What is the problem with this according to what I have found a 8k float array should work:
char a[ 32767 ];
short b[ 16383 ];
int c[ 16383 ];
long d[ 8191 ];
long long e[ 4095 ];
float f[ 8191 ];
double g[ 8191 ]; //double is the same size as float on AVR Arduino's
I testing it on mega but will be run on Atmega328P at the end.
Where did you find this table? It's fairly useless because it's highly dependent on the board used.
A float needs 4 bytes each on an AVR. So this array needs 14400 bytes of ram.
Arduino Mega -> 8192 bytes of ram
Arduino UNO -> 2048 bytes of ram
None of theses boards can hold a float array of this size.
Looks like a table that lists a maximum PROGMEM capacity of the Arduino Uno board depending on data type.
But you should note that the PROGMEM can't be used for variables, only for constants.
Anyway I need dynamic array. What does one do in this case? I guess I could go with unsigned int to save some space but I need 3600 elements in the array.

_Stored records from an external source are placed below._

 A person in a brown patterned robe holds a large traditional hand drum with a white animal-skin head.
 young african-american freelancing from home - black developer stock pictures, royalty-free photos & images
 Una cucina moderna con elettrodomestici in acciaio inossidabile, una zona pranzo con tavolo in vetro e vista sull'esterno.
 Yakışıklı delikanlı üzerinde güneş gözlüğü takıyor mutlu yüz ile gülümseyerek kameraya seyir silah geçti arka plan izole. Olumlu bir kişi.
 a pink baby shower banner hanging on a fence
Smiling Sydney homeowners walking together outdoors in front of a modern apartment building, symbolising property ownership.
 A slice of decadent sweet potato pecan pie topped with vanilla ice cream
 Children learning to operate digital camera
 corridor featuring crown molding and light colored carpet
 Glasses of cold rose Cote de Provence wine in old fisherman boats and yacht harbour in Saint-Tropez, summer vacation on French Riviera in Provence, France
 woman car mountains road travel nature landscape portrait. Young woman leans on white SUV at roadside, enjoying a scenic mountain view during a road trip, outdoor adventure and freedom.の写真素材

There has to be a smarter solution than just throwing hardware to the problem.
All my code needs to be doing is keep adding float data to an array every loop, if there is no data or zero data it needs to add zero, once the end of the array reached the code starts overwriting values in it from the beginning (not zeroing the array leaving everything in place, overwrite elements one by one when reached).

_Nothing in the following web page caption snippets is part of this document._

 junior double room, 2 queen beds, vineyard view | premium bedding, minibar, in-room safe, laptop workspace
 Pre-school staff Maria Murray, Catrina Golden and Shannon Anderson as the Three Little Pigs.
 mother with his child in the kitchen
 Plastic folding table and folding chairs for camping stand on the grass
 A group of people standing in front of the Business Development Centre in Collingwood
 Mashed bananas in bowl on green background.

So array[360] works, I could create 10 arrays with 360 elements each and once an array's end is reached it automatically continues with array2. It seems adding more arrays don't increase the used memory.

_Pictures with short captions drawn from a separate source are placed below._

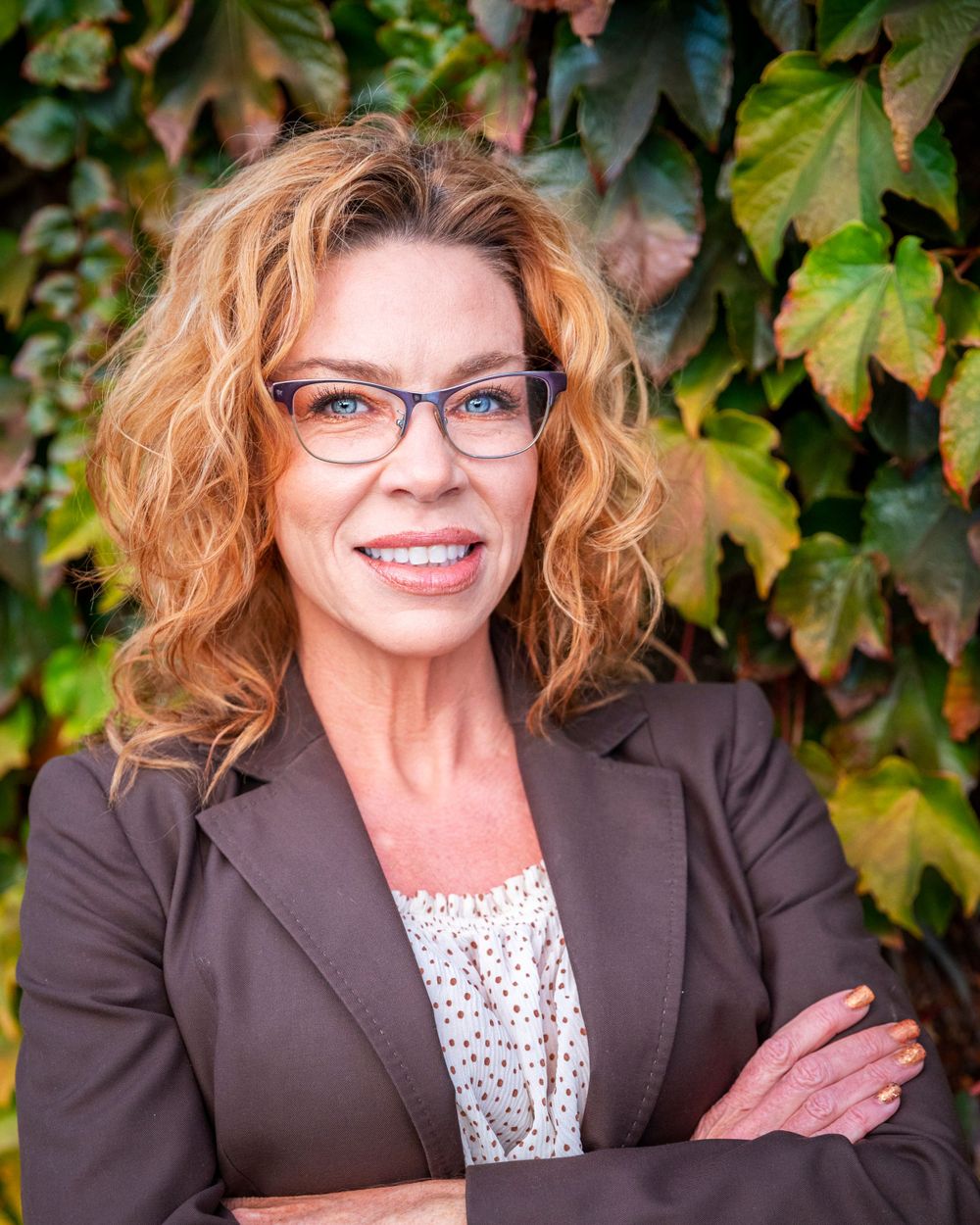Orange County photographer captures Professional woman with curly red hair and glasses smiling confidently in front of green ivy wall.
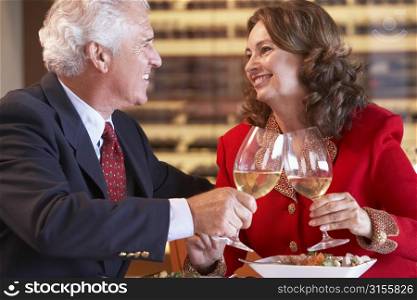 Couple Eating Dinner And Toasting With A Glass Of Wine
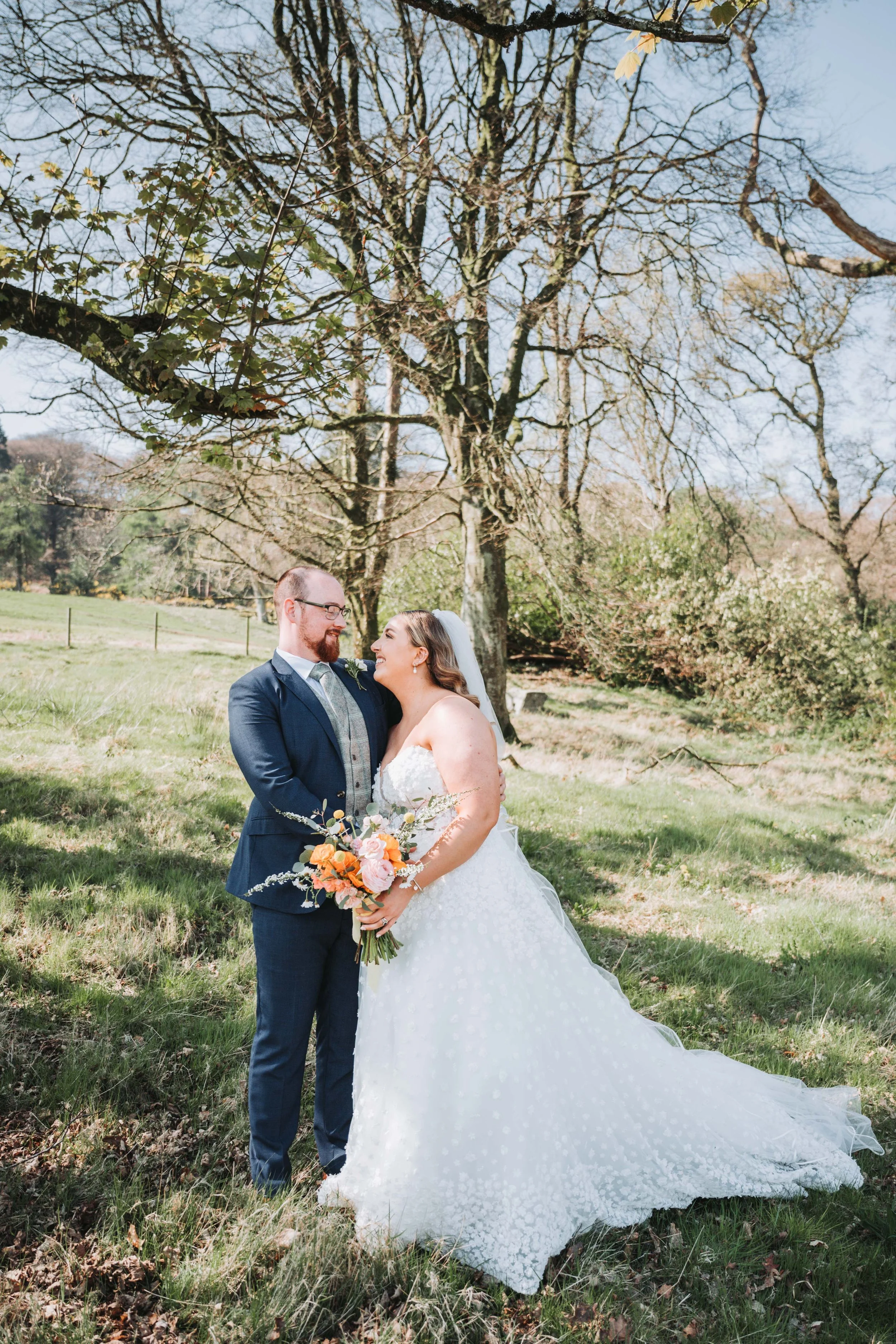 A bride and groom smiling at each other outdoors on a sunny day, standing on grass with a large tree and a partly cloudy sky in the background.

each element (data) requires a given number of bytes depending on the type of the data (4 bytes for a float)
to store data you need memory. 10 floats require 10 x 4 = 40 bytes
memory is defined by the hardware you chose. so there is a built-in limit to what you can have in RAM.
what are you doing with those arrays? why do you need to keep 3600 elements ?
That gives the maximum array size supported by the compiler - arrays are limited to 32768 bytes for avr processors, because of the 16 bit addressing. Limits are further restricted by the physical memory of the processor.
Do you meant "AVR platform"?
Arduino platform includes many types of boards with variety of RAM options. Take for example ESP32, Arduino Due or RPi Pico.